They worked with farmers to find solutions that benefit- ed the land and fulfilled the landowners’ aspirations.
In 1933, the Soil Erosion Service, predecessor to the Soil Conservation Service and NRCS, began working with farmers in the Coon Creek watershed of southwestern Wisconsin to transform the square, eroding fields into what one sees today—a conservation showplace of contouring, stripcropping, terracing, and wise land use that benefits the soil, air, water, as well as the plant, animal, and human life of the whole watershed.
The carpeting of the land with soil conservation works nationwide was hastened with the passage of the Soil Conservation Act in April of 1935.
Recognition of the first conservation district, bounded by the Brown Creek watershed in North Carolina, on Aug. 4, 1937, established a method for the Service to assist farmers in the conservation districts. Locally elected citizens established priorities and plans for the district’s work.

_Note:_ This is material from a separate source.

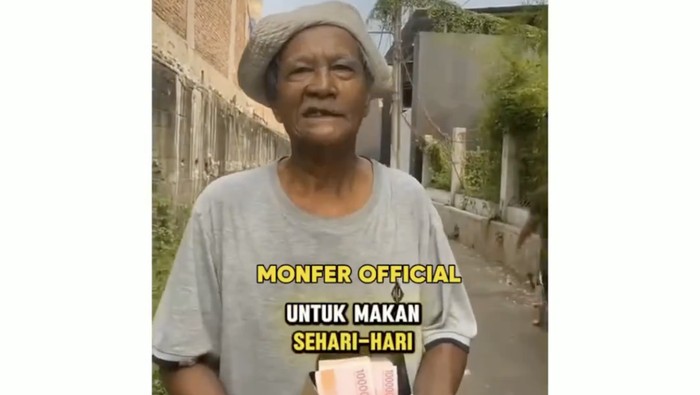 Duh! Sedekah Rp5 Juta Demi Konten, Seorang TikToker Diduga Aslinya Beri Rp200 Ribu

In Texas the persistence of Mr. V.C. Marshall paved the way for the first soil and water conservation districts which were formed on April 30, 1939 when 16 districts were issued certificates of organization. Mr. Marshall became known as the father of soil and water conservation district program in Texas.
At the Kleberg-Kenedy SWCD Annual Banquet on Tuesday which will be highlighted in next week’s column, a brief history of the Districts was given by Chairman John Prukop.

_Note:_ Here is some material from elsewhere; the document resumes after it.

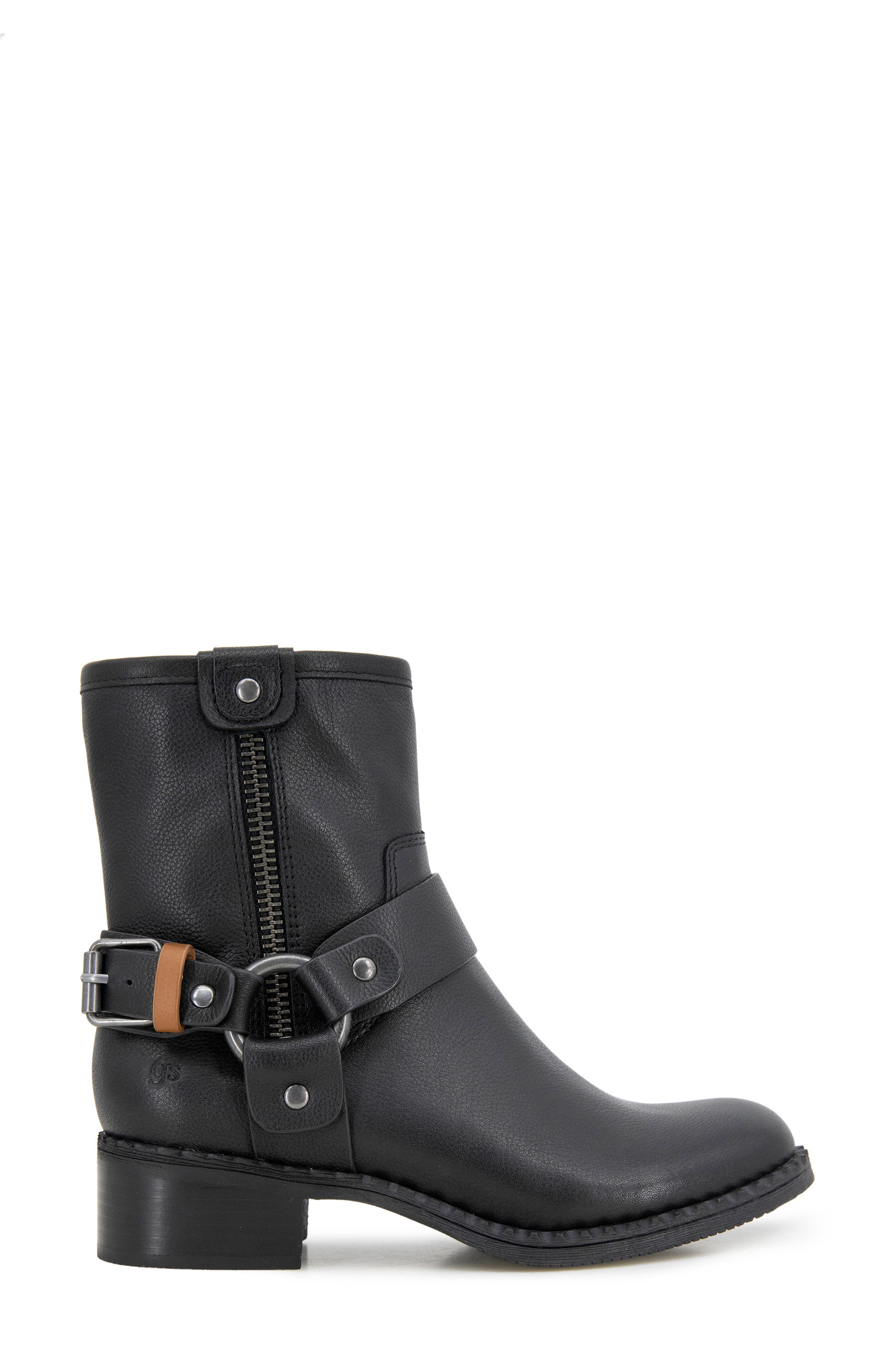 Gentle Souls Barker Bootie, Alternate, color, Black Leather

He highlighted the history of the local District also. Kleberg County was originally part of the San Diego-Aqua Dulce SWCD No. 229 in 1941. Then the Nueces-Jim Wells-Kleberg SWCD #311 came about in the 1960’s.
Part of Kenedy County was annexed into the Nueces-Jim Wells-Kleberg- Kenedy SWCD in the early 1980’s and then on February 26, 1990 the rest of Kleberg County came into the District.

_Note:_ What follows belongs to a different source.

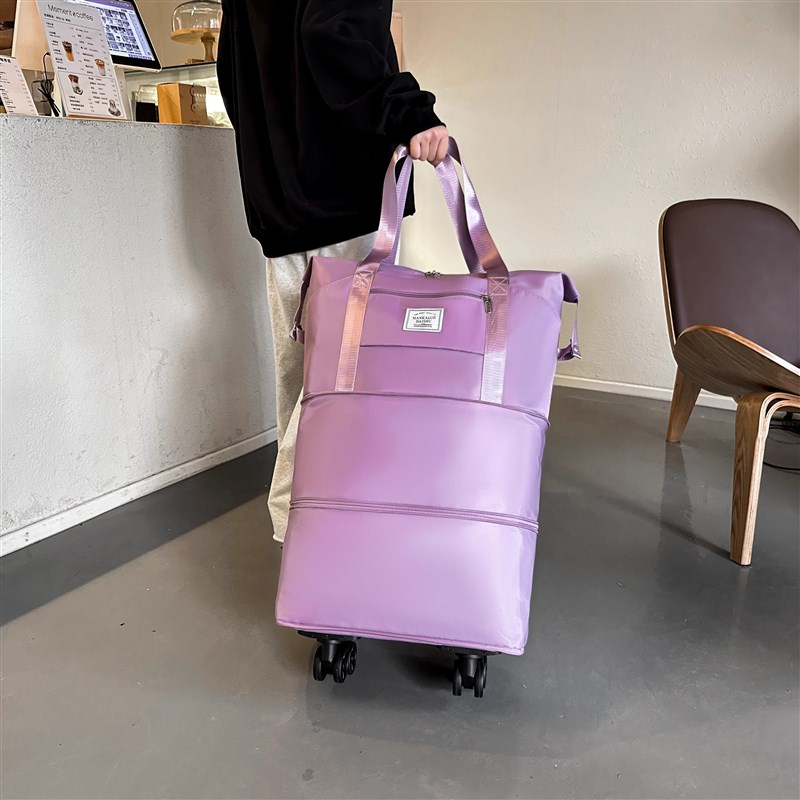 大容量旅行包女带滑轮健身短途旅游学生住校可套拉杆箱便携收纳袋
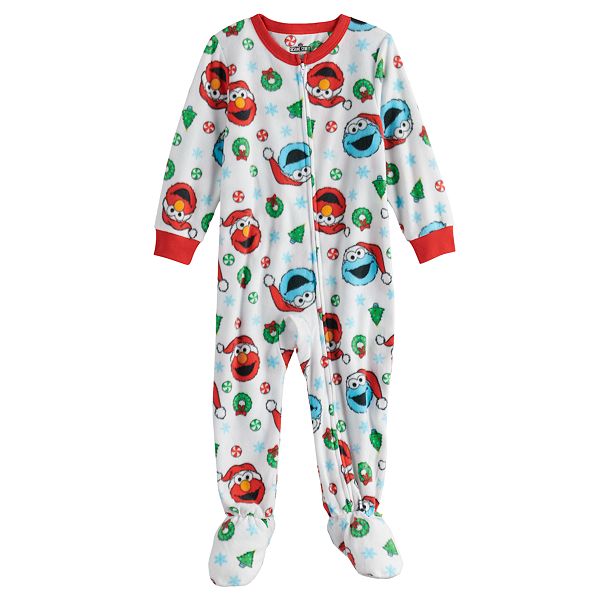 Sesame Street Little Girls Toddler 1-Piece Footed Pajamas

This District decided to split so that landowners could be better represented in each proposed District with their dissimilar and distinct land surfaces, soil types, and soil, water and County Agent drainage needs.
Thus, the Kleberg-Kenedy SWCD #356 became about on 8/13/1997 a still remains a voice for the landowners today.
Then on Nov. 19, 2009, an historic event occurred when the rest of Kenedy County officially became a part of the Kleberg-Kenedy SWCD.
Now all lands in Texas are within the boundaries of a Soil and Water Conservation District. The highlights of the District Banquet will be in next week’s column and the following week more information on the 75th Anniversary of the NRCS will be published.
For more information on the NRCS or the SWCD, call 592-0309 Ext. 3.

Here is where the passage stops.